Вошёл Пузин в чесучовом пиджаке и с графином ярко-красного кваса в руке. В другой руке он нёс поднос с двумя стаканами.
– Каким я вас кваском угощу! Чудо!
Верстов попробовал квас и с непривычки скорчил гримасу.
– Забористый квас! А оттого, что сам делал!
Он подошёл к Николаю Николаичу, присел на диван и добавил:
– А, может быть, вы не откажетесь и от того, что покрепче?
– То есть?
– Ну, попросту, – не откажитесь от стаканчика винца? Всякое у меня есть.
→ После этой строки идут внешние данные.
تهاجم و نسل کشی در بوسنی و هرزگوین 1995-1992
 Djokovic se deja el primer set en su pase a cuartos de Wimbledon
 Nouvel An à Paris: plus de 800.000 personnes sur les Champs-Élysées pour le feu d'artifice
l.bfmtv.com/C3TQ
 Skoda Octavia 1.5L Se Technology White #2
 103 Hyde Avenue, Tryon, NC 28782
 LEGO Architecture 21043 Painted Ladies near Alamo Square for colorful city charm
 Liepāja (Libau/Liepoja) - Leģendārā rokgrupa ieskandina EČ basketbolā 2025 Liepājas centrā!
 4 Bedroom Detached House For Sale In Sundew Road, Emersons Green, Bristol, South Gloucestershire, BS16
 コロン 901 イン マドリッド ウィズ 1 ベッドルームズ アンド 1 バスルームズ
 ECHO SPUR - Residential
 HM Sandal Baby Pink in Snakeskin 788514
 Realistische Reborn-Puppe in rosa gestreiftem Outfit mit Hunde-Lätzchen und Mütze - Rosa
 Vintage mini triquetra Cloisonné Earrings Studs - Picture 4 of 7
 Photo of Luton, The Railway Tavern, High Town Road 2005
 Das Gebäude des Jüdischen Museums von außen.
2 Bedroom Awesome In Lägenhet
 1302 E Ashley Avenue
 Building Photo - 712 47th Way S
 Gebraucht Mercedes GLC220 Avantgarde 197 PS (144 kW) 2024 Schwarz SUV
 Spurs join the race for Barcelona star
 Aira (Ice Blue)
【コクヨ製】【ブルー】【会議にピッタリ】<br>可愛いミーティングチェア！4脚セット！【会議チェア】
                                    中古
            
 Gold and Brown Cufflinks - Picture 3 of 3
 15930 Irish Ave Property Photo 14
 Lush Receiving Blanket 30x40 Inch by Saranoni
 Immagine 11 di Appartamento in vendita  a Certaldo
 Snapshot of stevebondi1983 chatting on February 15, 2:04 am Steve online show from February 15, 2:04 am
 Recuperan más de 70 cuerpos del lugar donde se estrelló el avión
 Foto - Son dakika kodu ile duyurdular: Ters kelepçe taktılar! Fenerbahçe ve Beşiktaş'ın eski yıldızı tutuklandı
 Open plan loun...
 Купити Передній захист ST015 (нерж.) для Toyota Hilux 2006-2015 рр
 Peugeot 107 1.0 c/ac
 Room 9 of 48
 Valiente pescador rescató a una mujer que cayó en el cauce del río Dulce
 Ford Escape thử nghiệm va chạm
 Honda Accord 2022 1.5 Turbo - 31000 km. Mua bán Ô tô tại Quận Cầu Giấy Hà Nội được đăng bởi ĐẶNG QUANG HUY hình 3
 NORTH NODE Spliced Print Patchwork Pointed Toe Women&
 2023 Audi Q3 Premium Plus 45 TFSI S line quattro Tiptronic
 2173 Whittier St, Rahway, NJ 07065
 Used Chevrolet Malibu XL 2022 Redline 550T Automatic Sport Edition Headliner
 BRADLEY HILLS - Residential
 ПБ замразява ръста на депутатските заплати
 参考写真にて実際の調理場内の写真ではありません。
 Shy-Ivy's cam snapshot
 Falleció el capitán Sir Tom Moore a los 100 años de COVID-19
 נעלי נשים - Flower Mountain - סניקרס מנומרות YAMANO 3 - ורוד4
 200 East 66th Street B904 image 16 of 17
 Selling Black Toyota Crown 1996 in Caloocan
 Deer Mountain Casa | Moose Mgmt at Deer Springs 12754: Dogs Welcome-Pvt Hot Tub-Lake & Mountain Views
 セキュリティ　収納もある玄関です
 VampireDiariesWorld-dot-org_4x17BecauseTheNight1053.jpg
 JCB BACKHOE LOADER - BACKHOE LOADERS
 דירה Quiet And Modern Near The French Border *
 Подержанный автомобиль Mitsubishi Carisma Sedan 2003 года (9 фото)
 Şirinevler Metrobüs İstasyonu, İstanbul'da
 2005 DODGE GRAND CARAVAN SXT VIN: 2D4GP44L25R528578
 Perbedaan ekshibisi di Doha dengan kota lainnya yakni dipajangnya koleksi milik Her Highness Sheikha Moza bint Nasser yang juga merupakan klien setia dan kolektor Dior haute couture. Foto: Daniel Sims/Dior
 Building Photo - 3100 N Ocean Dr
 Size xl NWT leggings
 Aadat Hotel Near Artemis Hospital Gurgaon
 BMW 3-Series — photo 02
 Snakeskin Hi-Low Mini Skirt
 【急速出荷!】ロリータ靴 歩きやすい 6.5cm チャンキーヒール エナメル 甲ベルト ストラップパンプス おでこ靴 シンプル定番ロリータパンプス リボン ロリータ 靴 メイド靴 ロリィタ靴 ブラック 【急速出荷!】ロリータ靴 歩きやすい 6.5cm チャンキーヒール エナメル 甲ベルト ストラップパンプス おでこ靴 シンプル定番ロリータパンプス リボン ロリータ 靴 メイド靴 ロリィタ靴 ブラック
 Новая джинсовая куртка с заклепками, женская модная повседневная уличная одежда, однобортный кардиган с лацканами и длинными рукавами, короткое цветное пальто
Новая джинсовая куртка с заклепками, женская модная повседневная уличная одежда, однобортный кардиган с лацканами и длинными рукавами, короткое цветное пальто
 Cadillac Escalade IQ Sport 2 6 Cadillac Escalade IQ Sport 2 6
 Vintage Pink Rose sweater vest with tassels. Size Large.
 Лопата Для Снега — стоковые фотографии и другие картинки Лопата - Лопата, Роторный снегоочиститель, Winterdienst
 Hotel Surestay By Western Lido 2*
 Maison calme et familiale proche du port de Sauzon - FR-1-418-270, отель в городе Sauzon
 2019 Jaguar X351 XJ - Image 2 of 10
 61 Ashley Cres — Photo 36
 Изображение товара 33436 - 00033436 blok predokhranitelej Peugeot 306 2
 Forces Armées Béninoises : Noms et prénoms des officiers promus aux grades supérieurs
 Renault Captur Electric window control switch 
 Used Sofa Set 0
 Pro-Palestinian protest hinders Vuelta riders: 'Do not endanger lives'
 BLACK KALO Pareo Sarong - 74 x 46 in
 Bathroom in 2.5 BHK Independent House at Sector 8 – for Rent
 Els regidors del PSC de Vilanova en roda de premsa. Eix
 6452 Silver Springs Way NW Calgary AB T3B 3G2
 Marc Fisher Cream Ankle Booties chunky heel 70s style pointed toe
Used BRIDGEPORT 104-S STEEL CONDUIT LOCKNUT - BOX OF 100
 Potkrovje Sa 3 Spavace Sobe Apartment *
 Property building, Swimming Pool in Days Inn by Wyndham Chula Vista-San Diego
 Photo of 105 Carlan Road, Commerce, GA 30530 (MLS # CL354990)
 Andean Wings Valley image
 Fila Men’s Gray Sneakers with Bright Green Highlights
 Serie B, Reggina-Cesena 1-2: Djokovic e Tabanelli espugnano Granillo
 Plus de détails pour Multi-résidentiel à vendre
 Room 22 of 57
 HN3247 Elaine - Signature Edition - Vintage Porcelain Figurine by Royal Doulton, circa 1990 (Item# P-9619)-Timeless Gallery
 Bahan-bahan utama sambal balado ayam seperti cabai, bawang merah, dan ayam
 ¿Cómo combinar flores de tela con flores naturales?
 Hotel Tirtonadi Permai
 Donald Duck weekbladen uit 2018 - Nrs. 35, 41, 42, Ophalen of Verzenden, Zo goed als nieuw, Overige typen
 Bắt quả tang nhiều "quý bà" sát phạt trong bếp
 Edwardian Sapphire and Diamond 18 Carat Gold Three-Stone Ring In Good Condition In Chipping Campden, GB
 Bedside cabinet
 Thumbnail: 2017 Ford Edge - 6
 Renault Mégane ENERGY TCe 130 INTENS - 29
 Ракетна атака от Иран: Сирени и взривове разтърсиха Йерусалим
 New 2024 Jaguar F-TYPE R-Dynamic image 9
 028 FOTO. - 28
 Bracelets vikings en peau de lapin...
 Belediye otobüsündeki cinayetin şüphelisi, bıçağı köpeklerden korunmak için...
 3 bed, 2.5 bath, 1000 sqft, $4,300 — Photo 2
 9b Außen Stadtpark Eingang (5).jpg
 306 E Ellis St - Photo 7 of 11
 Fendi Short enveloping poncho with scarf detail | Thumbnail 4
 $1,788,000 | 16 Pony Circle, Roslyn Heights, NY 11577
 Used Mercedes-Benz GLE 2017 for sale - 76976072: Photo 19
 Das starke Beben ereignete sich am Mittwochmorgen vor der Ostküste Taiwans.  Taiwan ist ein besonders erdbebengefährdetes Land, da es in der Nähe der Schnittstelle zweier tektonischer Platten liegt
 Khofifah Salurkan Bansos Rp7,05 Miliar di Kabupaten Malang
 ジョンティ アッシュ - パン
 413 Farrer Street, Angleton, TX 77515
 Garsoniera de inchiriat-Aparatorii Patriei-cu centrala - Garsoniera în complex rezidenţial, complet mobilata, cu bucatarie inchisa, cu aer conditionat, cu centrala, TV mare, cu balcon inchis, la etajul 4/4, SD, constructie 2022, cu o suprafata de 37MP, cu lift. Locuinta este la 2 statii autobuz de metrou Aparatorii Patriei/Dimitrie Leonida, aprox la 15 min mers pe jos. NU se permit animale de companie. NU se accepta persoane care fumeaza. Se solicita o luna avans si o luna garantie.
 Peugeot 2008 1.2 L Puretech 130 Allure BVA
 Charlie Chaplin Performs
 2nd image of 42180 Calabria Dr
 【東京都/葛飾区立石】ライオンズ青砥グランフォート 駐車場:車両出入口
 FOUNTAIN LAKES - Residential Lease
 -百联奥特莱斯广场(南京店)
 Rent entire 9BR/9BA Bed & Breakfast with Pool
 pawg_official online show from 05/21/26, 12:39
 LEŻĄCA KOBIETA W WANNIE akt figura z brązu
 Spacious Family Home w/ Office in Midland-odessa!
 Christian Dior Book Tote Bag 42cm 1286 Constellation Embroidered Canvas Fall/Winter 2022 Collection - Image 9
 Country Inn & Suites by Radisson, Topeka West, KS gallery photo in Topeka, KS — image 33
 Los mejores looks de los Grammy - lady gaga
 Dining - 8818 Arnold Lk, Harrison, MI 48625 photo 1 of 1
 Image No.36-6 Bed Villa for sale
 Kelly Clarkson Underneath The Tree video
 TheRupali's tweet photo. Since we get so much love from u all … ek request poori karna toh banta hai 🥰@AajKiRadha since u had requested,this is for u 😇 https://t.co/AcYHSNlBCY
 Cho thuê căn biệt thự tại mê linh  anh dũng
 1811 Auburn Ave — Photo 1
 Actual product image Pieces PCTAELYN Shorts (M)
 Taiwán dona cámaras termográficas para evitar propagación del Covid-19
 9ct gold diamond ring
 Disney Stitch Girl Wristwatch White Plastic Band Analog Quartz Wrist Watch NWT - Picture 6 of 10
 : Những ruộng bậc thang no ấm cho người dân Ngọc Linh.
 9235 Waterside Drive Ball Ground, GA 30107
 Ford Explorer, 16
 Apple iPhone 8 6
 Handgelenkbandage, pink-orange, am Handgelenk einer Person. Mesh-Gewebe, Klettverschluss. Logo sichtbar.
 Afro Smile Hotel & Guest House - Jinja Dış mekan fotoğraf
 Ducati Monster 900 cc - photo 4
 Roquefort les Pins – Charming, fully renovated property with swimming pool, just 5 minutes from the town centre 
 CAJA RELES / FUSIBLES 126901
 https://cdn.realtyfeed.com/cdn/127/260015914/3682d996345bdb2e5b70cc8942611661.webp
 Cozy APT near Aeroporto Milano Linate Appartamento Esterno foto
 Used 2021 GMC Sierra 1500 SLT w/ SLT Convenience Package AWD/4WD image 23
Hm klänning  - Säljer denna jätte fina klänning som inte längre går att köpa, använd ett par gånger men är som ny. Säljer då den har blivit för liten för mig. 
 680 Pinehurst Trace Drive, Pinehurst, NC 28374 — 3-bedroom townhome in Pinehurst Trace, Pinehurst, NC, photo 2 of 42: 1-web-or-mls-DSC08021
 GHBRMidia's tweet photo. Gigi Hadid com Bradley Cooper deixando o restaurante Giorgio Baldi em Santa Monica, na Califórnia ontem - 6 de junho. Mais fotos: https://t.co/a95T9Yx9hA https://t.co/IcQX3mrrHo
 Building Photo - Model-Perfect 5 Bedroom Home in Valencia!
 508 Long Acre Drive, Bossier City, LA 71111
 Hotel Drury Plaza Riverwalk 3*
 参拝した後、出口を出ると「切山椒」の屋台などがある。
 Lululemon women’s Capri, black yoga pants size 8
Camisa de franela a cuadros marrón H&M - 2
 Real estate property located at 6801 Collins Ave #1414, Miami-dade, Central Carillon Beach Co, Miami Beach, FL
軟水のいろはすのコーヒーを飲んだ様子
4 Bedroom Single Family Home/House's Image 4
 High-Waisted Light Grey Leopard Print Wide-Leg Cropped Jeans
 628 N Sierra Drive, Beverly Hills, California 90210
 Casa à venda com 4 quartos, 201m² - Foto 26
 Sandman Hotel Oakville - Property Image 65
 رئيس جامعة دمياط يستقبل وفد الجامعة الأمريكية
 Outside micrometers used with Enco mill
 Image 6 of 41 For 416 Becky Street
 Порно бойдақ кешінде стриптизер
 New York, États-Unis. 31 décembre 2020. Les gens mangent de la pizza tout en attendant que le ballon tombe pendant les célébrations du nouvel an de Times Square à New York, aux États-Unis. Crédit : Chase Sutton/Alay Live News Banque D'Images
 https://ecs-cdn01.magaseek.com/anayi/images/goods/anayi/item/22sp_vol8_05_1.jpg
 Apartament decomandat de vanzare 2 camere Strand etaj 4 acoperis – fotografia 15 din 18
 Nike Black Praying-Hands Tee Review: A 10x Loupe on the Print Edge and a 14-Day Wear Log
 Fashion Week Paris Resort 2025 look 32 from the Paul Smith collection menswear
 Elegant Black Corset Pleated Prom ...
Сам-то я мало пью…
Николай Николаич отказался и, глядя в лицо Пузину, думал: «Какая душа у этого человека, если он умеет так лгать? Ведь, знаю я, тайный алкоголик он… А какая душа у тайного алкоголика? Особенная, болезненная душа».
Он думал и не слышал, о чём бормотал Пузин. А Платон Артемьич говорил теперь о курении и расхваливал табак какой-то южной фабрики. Он предложил Верстову папиросу.
– А и вправду, Николай Николаич, давайте мы с вами вместе выпьем… А?